Chinese and Hong Kong fishing companies are among a growing number of firms involved in forced labour practices towards Indonesian migrant workers, a new report by environmental group Greenpeace reveals, underlining the challenges in eradicating modern slavery practices at sea despite continuous diplomatic efforts.
The report released on Monday found that 26 firms from mainland China, Hong Kong, Taiwan, the Ivory Coast and Nauru were cited in scores of complaints of forced labour at sea from 2019 to 2020.
With more than 200,000 seafarers, Indonesia is the world’s third-largest seafaring manpower, behind China and the Philippines, data from Indonesia’s foreign ministry shows.
The Indonesian Migrant Workers Union (SBMI), whom Greenpeace collaborated with, said it received 338 complaints between September 2014 to July 2020. Of those, 104 complaints were submitted last year alone, up from 86 complaints in 2019.
Greenpeace analysed reports submitted from May 2019 to June 2020, and identified forced labour in 62 cases, almost double the 34 cases recorded in its report released two years ago. The group also identified 45 vessels of interest, far higher than 2019’s figure of 13.
In most of the 45 suspected ships, common indicators of forced labour included the withholding of wages, abusive working and living conditions, deception, and abuse of vulnerability, according to Greenpeace.

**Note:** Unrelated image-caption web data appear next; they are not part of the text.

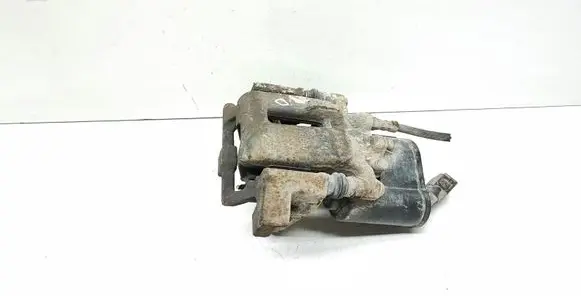 Audi A6 S6 C6 4F Rear brake caliper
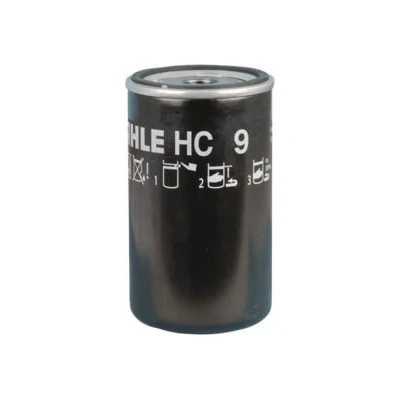 Abbildung von MAHLE ORIGINAL HC 9 Getriebeölfilter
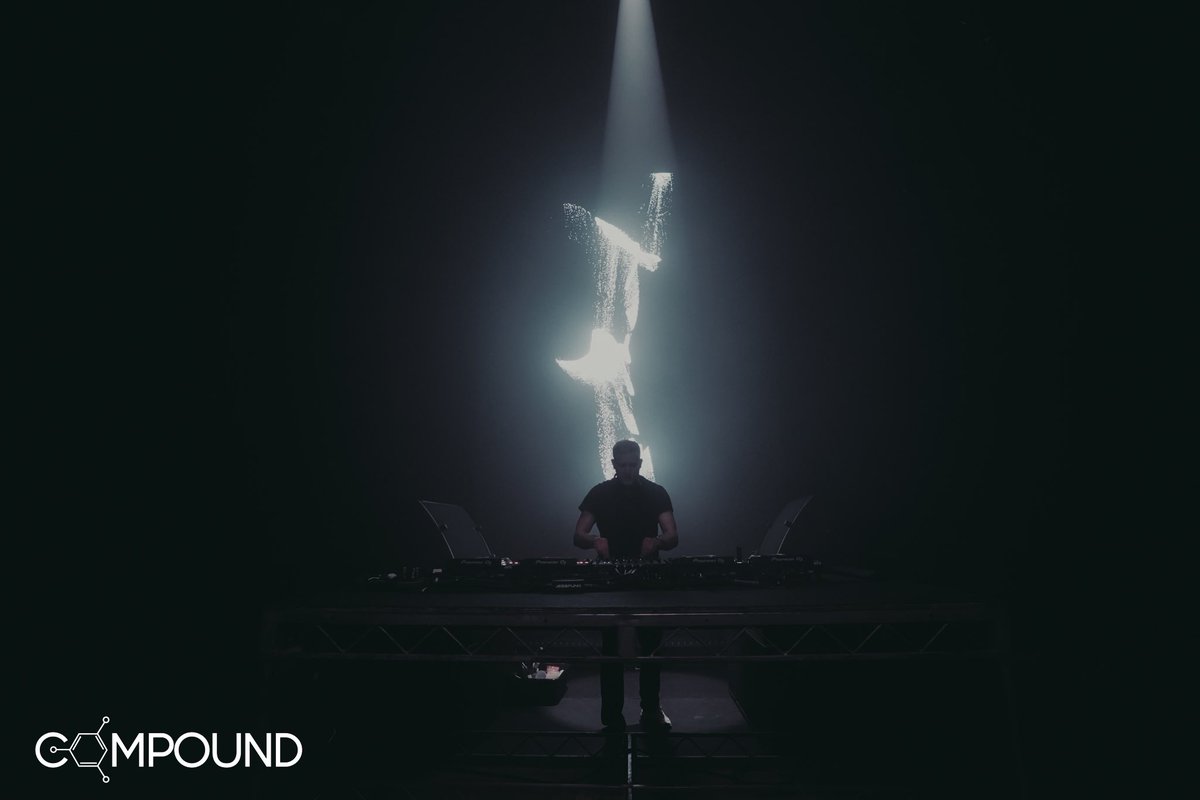 COMPOUND (@lacompound) on Twitter photo The big boss <a href="/BenKlock/">Ben Klock (Official)</a> in full control at Photon Los Angeles ๐ด
๐ธ: <a href="/TheAuburnSky/">C h r i s M รธ l i n a</a>
Follow COMPOUND partner brands for weekly events: @dirtyepicla @6amgroup @iluvincognito <a href="/synthetikminds/">Synthetik Minds</a> The big boss <a href="/BenKlock/">Ben Klock (Official)</a> in full control at Photon Los Angeles ๐ด
๐ธ: <a href="/TheAuburnSky/">C h r i s M รธ l i n a</a>
Follow COMPOUND partner brands for weekly events: @dirtyepicla @6amgroup @iluvincognito <a href="/synthetikminds/">Synthetik Minds</a>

“Alleged cases of forced labour to migrant fishers have been well documented over the years with no signs of improving. In fact we’re seeing cases and complaints increase,” Ephraim Batungbacal, regional oceans research coordinator for Greenpeace Southeast Asia, said in a statement.
A Foreign Ministry spokesman did not immediately respond to requests for comments on the group’s findings.